My Salinger Year is easier fare although Joanna does have to deal with a gradually more wretched lover and a growing realization that she’ll have to choose between poetry and being in an agency. After all, Jerry has advised her to write every day in order to nurture her talent.
Quebecois director Philippe Falardeau, most famous for the Oscar-nominated Monsieur Lazhar, is evidently taken in by the dreams of Joanna Rakoff. In one scene, she gets to deliver a package to the New Yorker, the kind of dream task only a neophyte lover of the world of lliterature would embrace. (Later, at a party, she meets two workers at the New Yorker, who invite her for a tour.) Falardeau uses his directorial eye to evoke the look of offices inhabited by
mid-century publishers and agents: old wooden desks, books on shelves everywhere, photos of famous authors like Fitzgerald and Dylan Thomas. Eccentric agents and literary figures are part
of Joanna’s and Margaret’s world; they offer charm but absolutely do their work. A very worldly relationship between Margaret and Daniel is treated with proper respect, though it is scandalous.

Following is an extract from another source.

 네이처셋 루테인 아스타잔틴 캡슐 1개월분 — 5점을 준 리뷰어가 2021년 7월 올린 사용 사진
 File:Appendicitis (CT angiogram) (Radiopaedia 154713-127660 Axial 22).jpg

A film like My Salinger Year is reliant on great casting. Margaret Qualley (Andi McDowell’s daughter) is turning into a rising star: she’s perfect in the lead role. Sigourney Weaver, a true sophisticate, is marvellous as Margaret: she’s properly tough, irreverent and witty. Hovering over the picture is Salinger, who is treated as both a funny figure and a nearly god-like one. Of course, we never see him but he’s heard to telling effect.

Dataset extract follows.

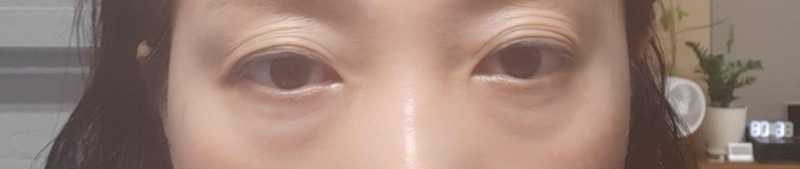 Доод зовхины мэс засал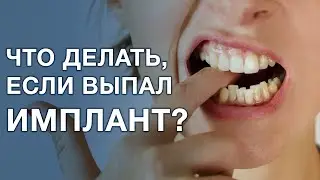 What should I do if my dental implant falls out? My dental implant is loose.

I must admit, when I was in my 20s, I harboured dreams similar to those of Joanna Rakoff. My Salinger Year is a film for me and others, who hold the New Yorker and ancient publishing companies in the highest esteem. But the general public may find My Salinger Year a tad too precious for their liking. This gentle film is unlikely to be a hit and that’s a pity.

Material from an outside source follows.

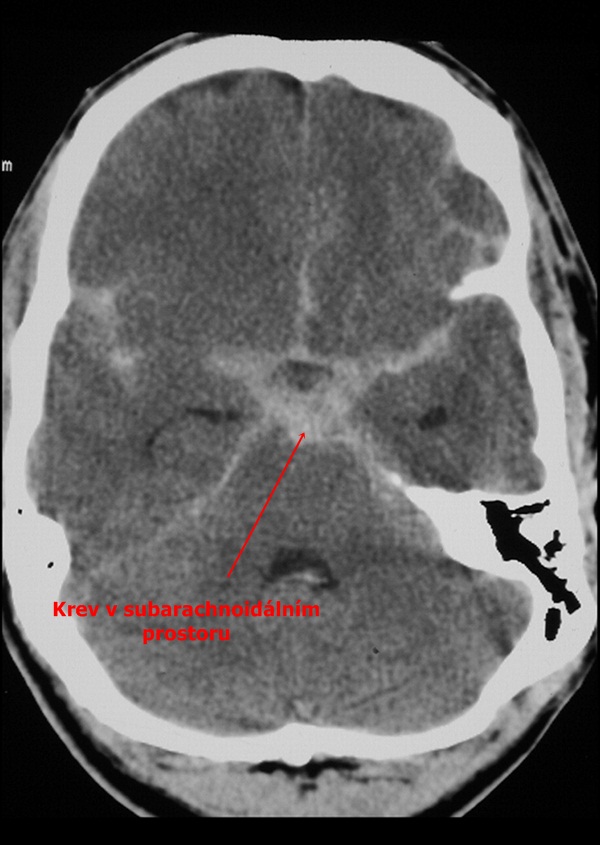 Subarachoidální krvácení CT Medicína nemoci studium na 1 LF UK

“Dogs and philosophers do the greatest good and get the fewest rewards.”—Diogenes
Although Elizabeth Lo uses the ancient Greek philosopher Diogenes’ quotes about canines throughout her film, it’s not entirely clear why she decided to make a film about stray dogs in
Istanbul. It may be because Istanbul’s official policy about them has changed so radically over the past century, from trying to eliminate them altogether to legally being forced to leave them
alone now. Is that what happens to philosophers, too? Political winds in Turkey have affected western leaning philosopher in Istanbul but it’s unlikely that they’ve ended up homeless, on the
streets. Some may have been exiled though.
Politics quietly lurks around the edges of Lo’s festival hit Stray, which is now is available to rent in Canada. Although we may be watching dogs, it isn’t surprising that they turn up at women’s
rights marches, flummoxing everyone by making doggy love on the streets. Nor are we frightened when Syrian refugees who love them are treated worse than their canine friends. What we see is Istanbul through the eyes of the ultimate flaneurs, a whole species of animals who like to walk and observe the city and its dwellers much like essayists and philosophers.
Stray has a protagonist, Zeytin, a tan mongrel with a black beard and piercing eyes. Zeytin never hurts anyone and apart from one alarming barking fit, he calmly travels through a diverse
area of Istanbul, filled with food markets, a square with fairground attractions, cobble stoned streets and a very pleasant beach. Lo follows two of Zeytin’s pack, a black medium height dog
named Nazar and the very cute black and white Kartal. Besides playing with each other, the dogs usually are friendly enough with people to be treated nicely and fed occasionally.
As a film, Stray is a novelty. It’s rare to see a city and its people from a dog’s perspective. Lo has surely succeeded in giving us Istanbul down low and funky (there’s garbage everywhere).
Probably the highest accolade Stray received at a festival was the best International Film at Hot Docs in 2020. Those who choose to view it will be entertained in surprising and subtle ways.